Florida Gov. Ron DeSantis gives remarks at the Heritage Foundation's 50th Anniversary Leadership Summit at the Gaylord National Resort & Convention Center on April 21, 2023 in National Harbor, Maryland. A Florida restaurant is suing Ron DeSantis over a new law that restricts “adult" live performances in the state. Anna Moneymaker/Getty Images
The suit claims that the restaurant has lost at least 20 percent of its Sunday bookings after it told customers that children were no longer allowed to attend the drag event under DeSantis' bill.
"They simply cannot take the chance that their business or liquor licenses would be suspended for hosting a drag show where children attend," the lawsuit states. "In addition, the criminal penalties of the law put individuals at risk of prosecution because of the content of their speech."
The suit said that the law is broad enough that it could include "even the most innocent drag performances, to reach into the private homes of Florida citizens, and to determine on behalf of parents what is and is not appropriate entertainment for their children.
"The broad, sweeping nature of the statute, and the vagueness regarding what conduct is and is not prohibited, will have a chilling effect on the First Amendment rights of the citizens of Florida," the suit adds.
Florida-based attorney Michael Mandell agreed that SB 1483 is susceptible to wide interpretation.
"It's vague in how it is applied," Mandell told WFTV. "It's saying anything adult entertainment, which includes loudness. What that really means is unclear.
"On one hand, Florida has the SB 1483 bill, which is there to protect children, so that's their argument," Mandell said. "When it comes to Hamburger Mary's, it's the freedom of speech argument."
Mandell added that the state may also have a strong argument it could cite obscenity in its arguments, and that there may be a "different type of standard" involved as children are involved.

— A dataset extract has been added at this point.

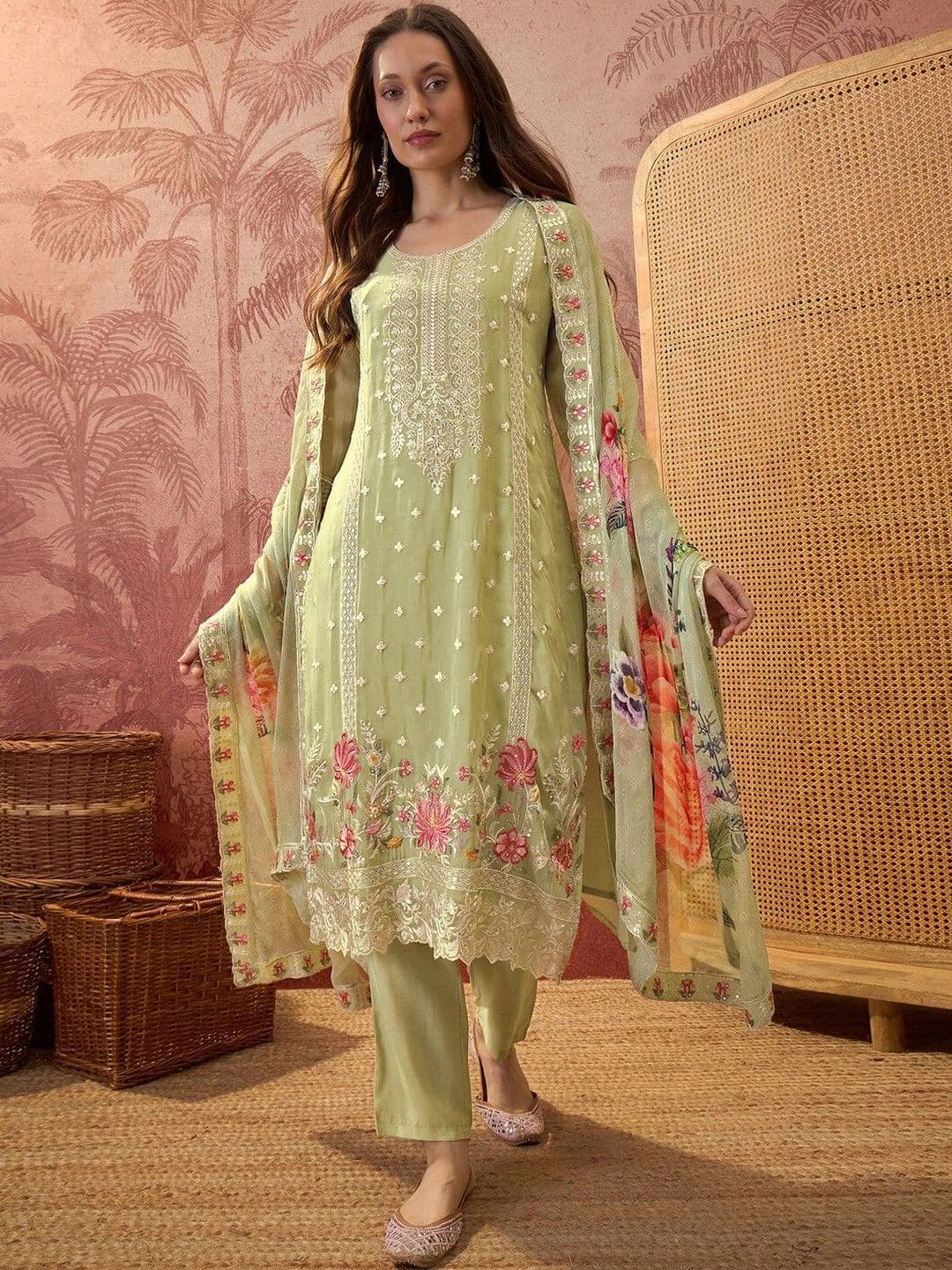 Sangria Embroidered Round Neck Kurta & Trousers With Dupatta - view 1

The bill was signed into law by DeSantis on May 17 along with a string of other laws that restricted gender-affirming treatments for minors and pronoun usage in school.
SB 1483 defines an "adult live performance" as any show, exhibition, or other presentation in front of a live audience that "in whole or in part, depicts or simulates nudity, sexual conduct, sexual excitement, or specific sexual activities."
The measure states this includes "lewd conduct, or the lewd exposure of prosthetic or imitation genitals or breasts," shows appealing to "prurient, shameful, or morbid interests," and patently offensive displays "without serious literary, artistic, political, or scientific value for the age of the child present."
The law does not mention "drag" by name, but DeSantis did mention the act during the bill-signing ceremony.
"This is sad that you kind of have to do this," DeSantis said. "There's these, like, drag shows. It's sexually explicit, what they're doing. And look, adult entertainers — people can do what they want with some of that. But to have minors there, I mean, you have situations where you'll have an 8-year-old girl there, where you have these really explicit shows, and that is just inappropriate."
Former Florida state representative Carlos Guillermo Smith, the first openly LGBTQ+ Latino elected to the state legislature, who is now running for Senate, condemned DeSantis for his latest bills targeting the LGBTG+ community.
"Ron DeSantis just signed the largest slate of anti-LGBTQ bills in Florida history revoking our freedoms and ruining people's lives in his quest for political power," Smith tweeted on May 17.
"We will NOT be erased. We will RESIST.We will FIGHT BACK. We will proudly RAISE OUR FLAGS. We will WIN."
Newsweek has contacted DeSantis' office for comment via email.